WRITTEN BY A HUNDRED PENS
William Elhanan Manning Todd had the usual ups and downs of a healthy Connecticut and eastern American boy in matters temporal, but being of a practical, active and vigorous mental makeup which often left him high and dry upon the shores of things far future, where some swiftly rolling psychological tidal-wave would land him away thru the years of coming events, when, in the very nature of things, he would sometimes be compelled to “hold his hosses,” “slow down the train,” “change the course of his ship,” “puncture a tire,” or lock his aeroplane to mountain top and “call a halt” for a time. And while waiting would plan the next move on the tresselboard of the yet unborn days.
For a number of years the writer of this sketch has tried in vain to get bits of his story, being able to secure but little, and even now must be content with articles of his life work which appeared at different times in the periodicals and newspapers throughout the length and breadth of the United States, and from other authentic sources from which the following is eptomized:
The Rev.
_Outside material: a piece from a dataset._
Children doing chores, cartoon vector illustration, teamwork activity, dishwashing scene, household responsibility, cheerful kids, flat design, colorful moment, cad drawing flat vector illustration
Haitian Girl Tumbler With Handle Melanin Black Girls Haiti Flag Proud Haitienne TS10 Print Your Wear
William E. M. Todd, archaeologist and litterateur, is a typical New Englander, and altho spending much of his youth in Virginia was educated in Connecticut schools.
Always an inveterate reader from his earliest days, besides his careful studies he devoured two whole libraries, one private and one public, a later invaluable asset in his chosen vocations. He was ordained in 1890, and has preached and lectured from over five hundred popular platforms and leading pulpits in twenty-nine of the states and the Dominion of Canada; addressed twenty State Assemblies; four interdenominational gatherings and five National Conventions; was member of and addressed fifty local and international councils; edited four periodicals, issued sixty publications, and over two hundred leading journals have published his work; has addressed forty G. A. R. occasions, ten Independence Days, and has spoken in more than seventy-five places in his native state.
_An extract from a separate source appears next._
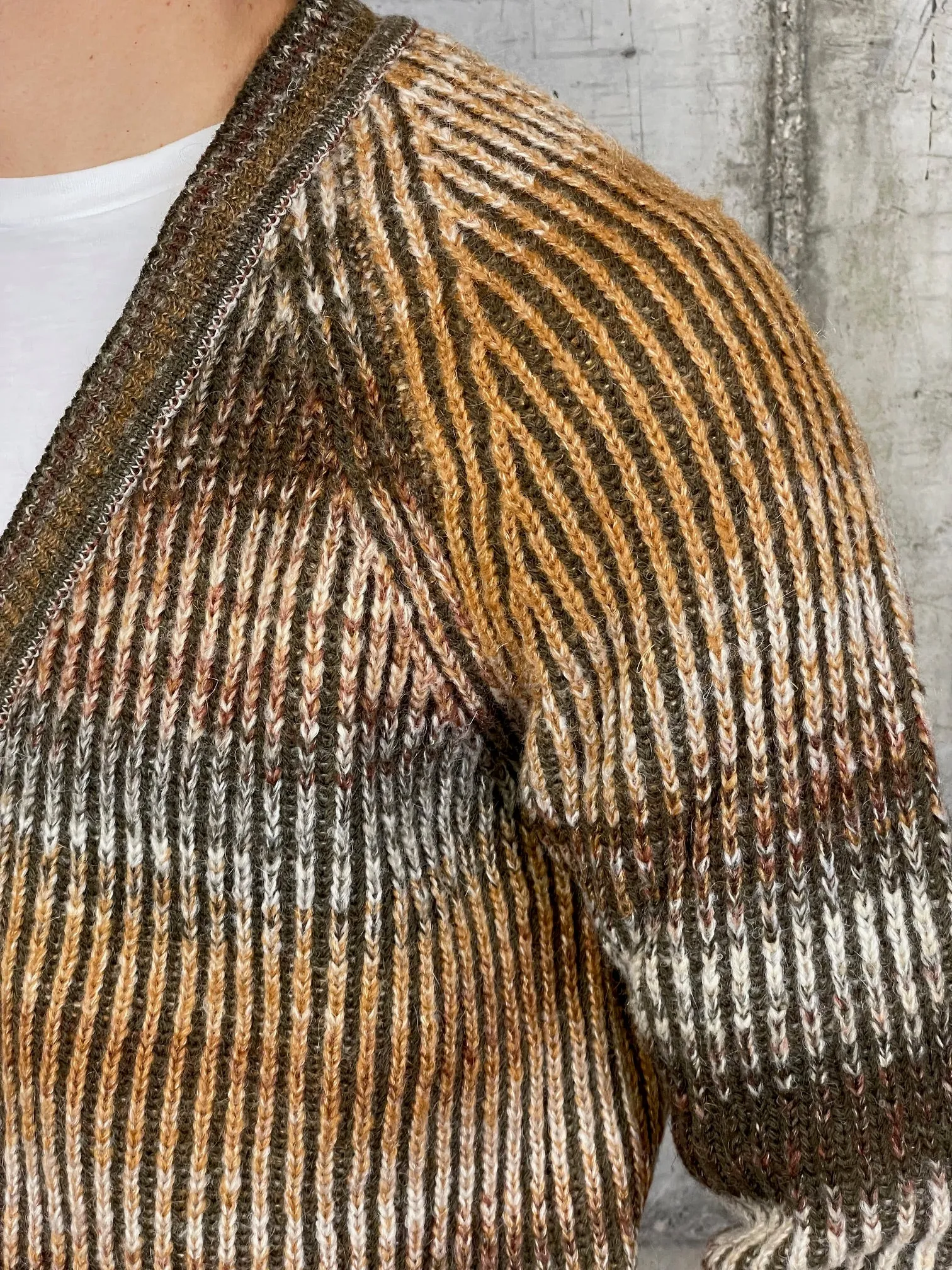 Bob Cardigan in Maglia Costa Inglese Marrone/Ruggine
He has lectured at a number of institutions of learning, occupied on special occasions more than seventy-five college town pulpits, held six public discussions and has been tendered over forty public receptions. Some of his best sermons are said to have been on “Power of Choice,” Omaha First church, published at Omaha, Creston and Brookfield; “Blessings of Misfortune,” published; “Apples of Gold in Pictures of Silver”; “Unity of Religion”, published at Charleston; “The Call of the Twentieth Century”, published, and “His Sword is Dipped in Heaven”, in memoriam of soldiers and sailors lost in the Spanish-American war, on request of the National Monument Committee and published for them. This was a great occasion, the Mayor of the city presiding and the Blue and the Gray veterans present in full-dress uniform. His Alfredian address, commemorating the one thousandth anniversary of the death of England’s great formative ruler, King Alfred, was published and widely commented on, and his pulpit theme on “The Sermon that Christ would Preach,” while the pastor at Key West, Fla., was said to be “the greatest heard in that city in ten years.”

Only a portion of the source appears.